● WHAT YOU HAVE TO DO
What must be written out is each line from the one holding "Keep in mind: the" through the end of the records, word for word, minus any pictures.

--- DATASET ---

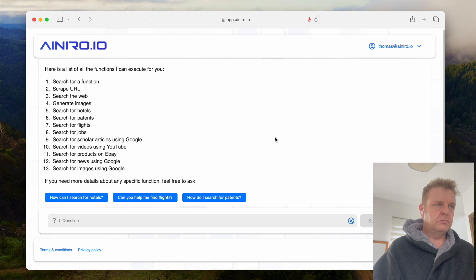Here's a list of all the functions I can execute for you: search for a function, scrape URL, search the web, generate images, search for hotels, search for patents, search for flights, search for jobs, search for scholar articles using Google, search for videos using YouTube, search for products on eBay, search for news using Google, search for images using Google.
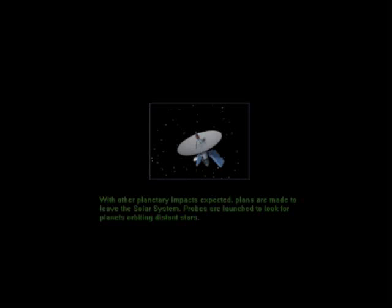With other planetary impacts expected, plans are made to leave the solar system. Probes are launched to look for planets orbiting distant stars.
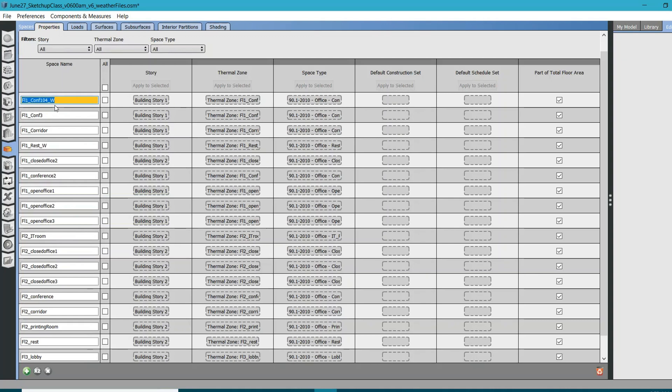And then again hundred-person occupancy from 2 p.m. to 3 p.m. — rest of the time there is no occupancy, it's zero. This schedule is not followed for other conference rooms, so I need to create a separate schedule set for this.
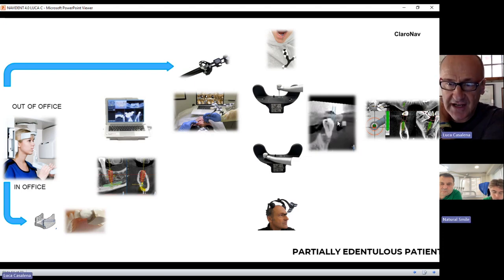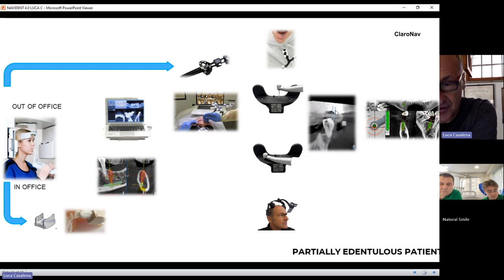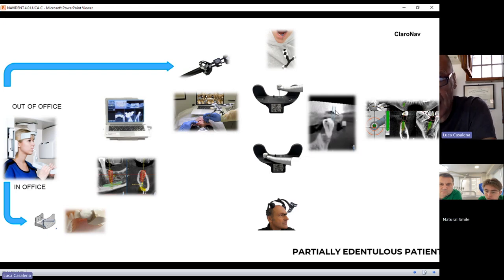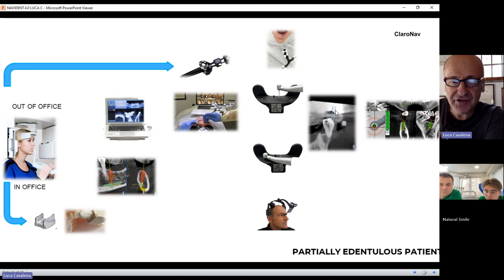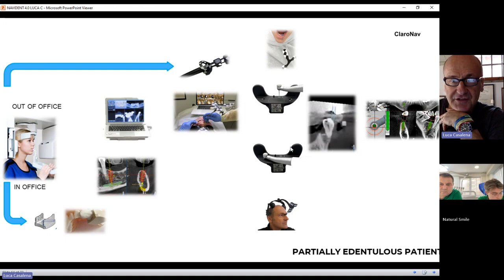If, for example, you touch a cusp and the computer screen shows you are away from that cusp, there is an incongruency — there is an error and you need to fix it before surgery. You need to carry out the accuracy check after each procedure: after finishing tracing, you touch the cusp and verify accuracy. After calibrating the contreangle axis and the length of the drill, you again need to do an accuracy check.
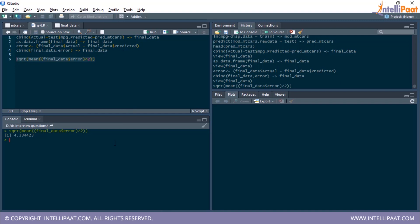Keep in mind: the lower the RMSE value, the better the model. If another model had an RMSE of 5, this model would be better. If another model had an RMSE of 2, that second model would be better than the one we built.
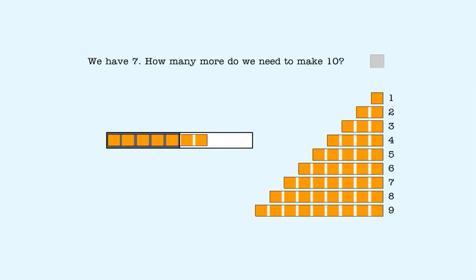In this lesson, we'll answer questions like this. We have seven. How many more do we need to make ten?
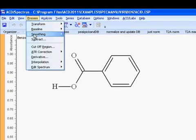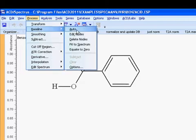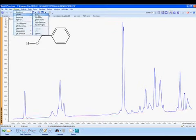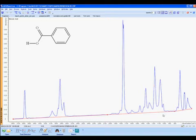To start, we will go to the Process menu and select Baseline Auto. This generates a baseline across the bottom of the spectrum, seen here in red, which is subject to the parameters set in the Baseline Options menu. One can make changes in the Options menu to change the characteristics of the baseline.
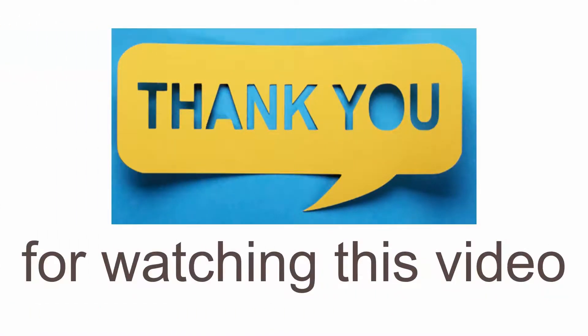Thank you for watching this video. Hope the covered topics will help you in your career development and growth. See you in our next video.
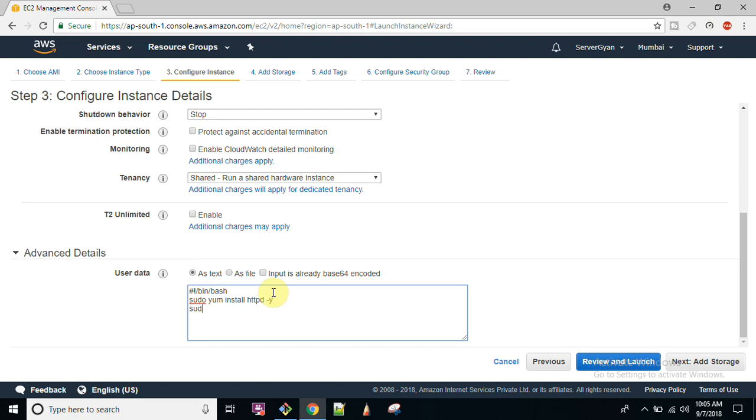Then do cd slash var slash www slash html, sudo echo this is test server, or if your code is available on git so you can git clone on here index dot html file.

---

● TASK RESULT
Keep in mind: the lower the RMSE value, the better the model. If another model had an RMSE of 5, this model would be better. If another model had an RMSE of 2, that second model would be better than the one we built.
In this lesson, we'll answer questions like this. We have seven. How many more do we need to make ten?
To start, we will go to the Process menu and select Baseline Auto. This generates a baseline across the bottom of the spectrum, seen here in red, which is subject to the parameters set in the Baseline Options menu. One can make changes in the Options menu to change the characteristics of the baseline.
Thank you for watching this video. Hope the covered topics will help you in your career development and growth. See you in our next video.
Then do cd slash var slash www slash html, sudo echo this is test server, or if your code is available on git so you can git clone on here index dot html file.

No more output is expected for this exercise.